Rueda’s tactics were severely questioned, and his reputation took a beating in Honduras. He left the post, and landed with Ecuador, who he has guided to this summer’s finals in Brazil.
Rabah Saadane, Algeria
Saadane was in his fifth spell in charge of Algeria in South Africa, with his stints spanning from 1981 to 2010. After Algeria went obstinately and ignominiously out of the World Cup, Saadane didn’t last long – he resigned in September, and he now coaches ES Satif in the Algerian league.
Oscar Tabarez, Uruguay
The Teacher led the upstart team of the tournament in South Africa, and Tabarez’s demeanor betrayed none of the histrionics that accompanied Uruguay on their run to the semifinals.

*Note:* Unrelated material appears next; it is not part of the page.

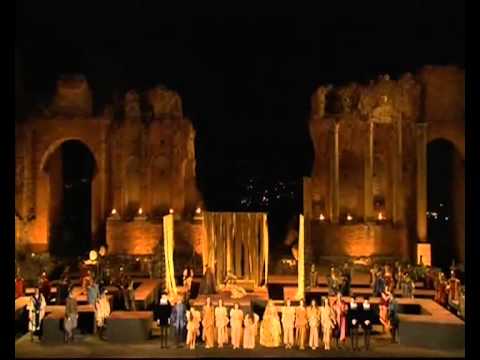 ONDA TG 4.12.2013 - PRESENTAZIONE RIGOLETTO: INTERVISTA ENRICO CASTIGLIONE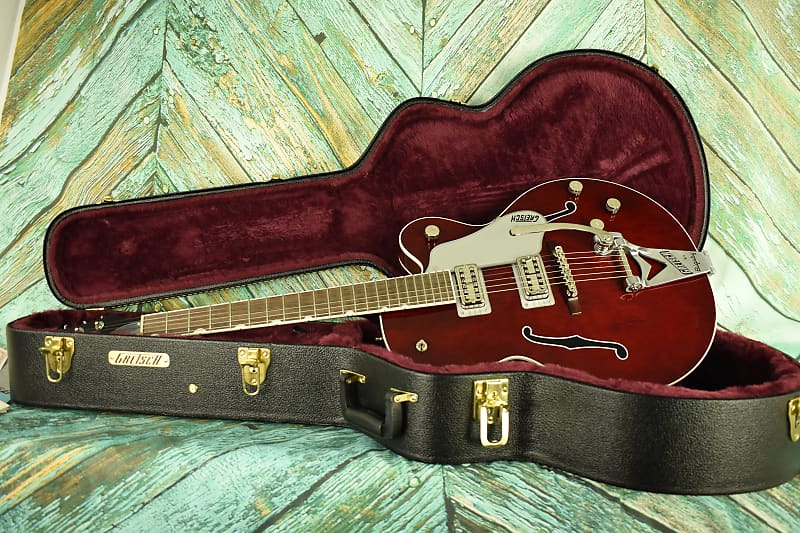 pootail 様専用 Gretsch G6119 プレイヤーズエディション - メルカリ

In 2011, Tabarez led Uruguay to Copa America glory, and he is the second-longest tenured coach in the field for Brazil.
Pim Verbeek, Australia
Verbeek’s Australia went out at the first hurdle in South Africa, and the press never really got along with the manager. Verbeek actually took his next job – youth technical director with Morocco – before the World Cup even started.
He still has that job, which sees him also coach the Moroccan U-23s.
Vladimir Weiss, Slovakia
Weiss’ best player in South Africa arguably was his son, and the tandem were etched into Slovakian football lore when the team beat Italy 3-2 to go through the knockout stages. The fairytale didn’t last forever though – Weiss parted ways the national team after unsuccessfully trying to qualify for Euro 2012.
He now coaches FC Kairat in Kazakhstan.
Of the thirty-two 2010 World Cup coaches, just five are in the same job today, and four will be leading their nation into a second consecutive World Cup. Which bosses will fall by the wayside before 2018? Well, pretty much everyone. Let the games begin.